The 2023 tax year ended for calendar-year businesses on December 31, 2023. You closed your books and made resolutions for 2024. But there’s still one chore remaining that relates to 2023, and that’s filing a federal income tax return to report your business activities. While 2023 is over, it’s not too late to make certain tax decisions that can minimize your tax bill for 2023.
How will you write off the cost of equipment purchases?
If you bought machinery, equipment, and off-the-shelf software for your business in 2023, you have several ways to write off the cost:
- Use regular depreciation to spread write-offs over a set number of years (depending on the type of property involved).
- Elect Sec. 179 (first-year expensing) deduction up to $1,160,000 for 2023 purchases. This only works if you’re profitable and you must affirmatively elect the deduction; it’s not automatic.
- Forego bonus depreciation of 80% of the cost of the property. Bonus depreciation applies automatically unless you elect out.
- Treat equipment as non-incidental materials and supplies. They’re not added to the balance sheet but are immediately deductible up to $2,500 per item or invoice.
Some points to consider:
- Financing purchases in whole or in part has no impact on tax write-offs.
- Profit or loss this year and projections for the future impact your write-off decisions.
- You must have placed the property in service by the end of 2023. It’s not good enough that you paid for it if you didn’t take delivery.
- Factors in state income tax rules may differ from federal rules. For example, California does not allow bonus depreciation; Ohio does not allow the Sec. 179 deduction.
For more information, see IRS Publication 946.

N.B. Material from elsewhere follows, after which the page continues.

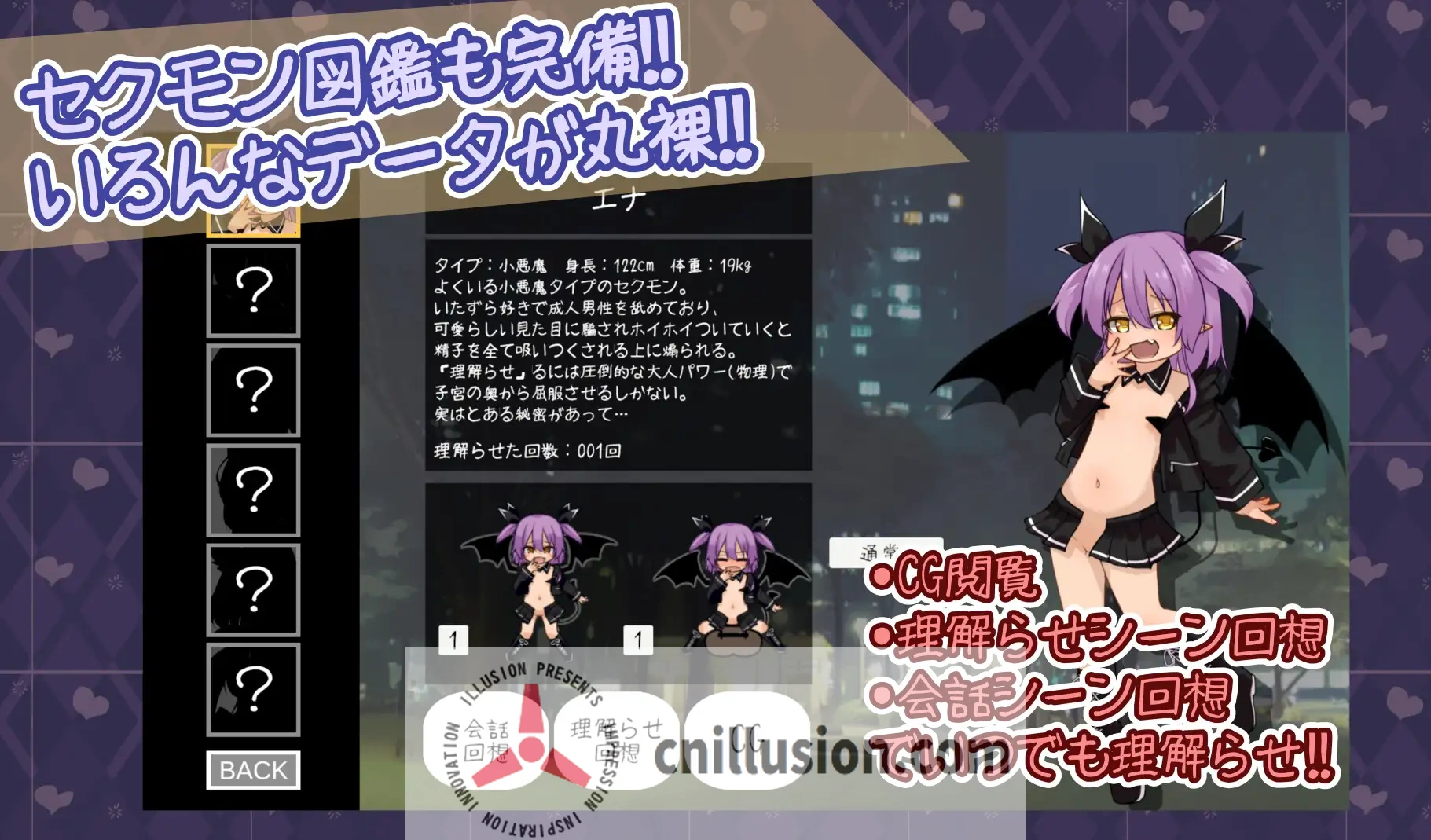 [新作SLG/阿黑颜/生肉]淫荡！性感恶魔 なまイキッ!セクシャルデーモン 正式版+全回想[FM/百度/1G]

Set up a qualified retirement plan?
Did your business have a 401(k) or other qualified retirement plan in place for 2023? If not, you can still set one up and fund it as a way to minimize the tax bite on your profits. For example, you can set up a SEP and make deductible contributions for 2023 as late as the due date of your return…or the extended due date if you have requested an extension. See your retirement plan options in IRS Publication 560. Do a cost-benefit analysis: what you save in taxes, and the benefit you provide to employees who must be covered by your plan if certain conditions are met versus the cost of setting up the plan, funding it, and administering it.
Note: You may qualify for a tax credit for setting up a plan. This helps to reduce your cost.
Use the IRS standard mileage rate?
If you use your personal vehicle for business driving, you can deduct the expense of business driving based on your actual costs for gas, repairs, insurance, etc., or rely on an IRS-set standard mileage rate (65.5 cents per mile for 2023). The option applies whether you own or lease the vehicle.
To use the standard mileage rate for a vehicle you own, you must choose to use it in the first year the vehicle is available for use in your business. In later years you can then choose to use the standard mileage rate or actual expenses. But if you lease a vehicle and choose the standard mileage rate for the first year, you have to stick with it for the entire lease period.
Note: Whichever method you use, you must have a record to prove your business driving—the odometer reading, date and destination of each trip, and more.
Use a simplified method for a home office deduction?
If you work from home, you may qualify for the home office deduction. Like business driving, there are two ways to figure the write-off: actual costs or an IRS simplified method. The actual expense method requires you to keep records of home-related costs and do a lot of computations. The IRS simplified method merely requires you to multiply the square footage of business space by $5, but is limited to a maximum deduction of $1,500.
You can toggle between these methods from year to year, as long as you qualify for the home office deduction. See IRS Publication 587.
Conclusion
As you prepare your 2023 federal income tax return—by yourself or with a tax professional—be sure to explore your election options. They can favorably impact your current return and have consequences for years to come.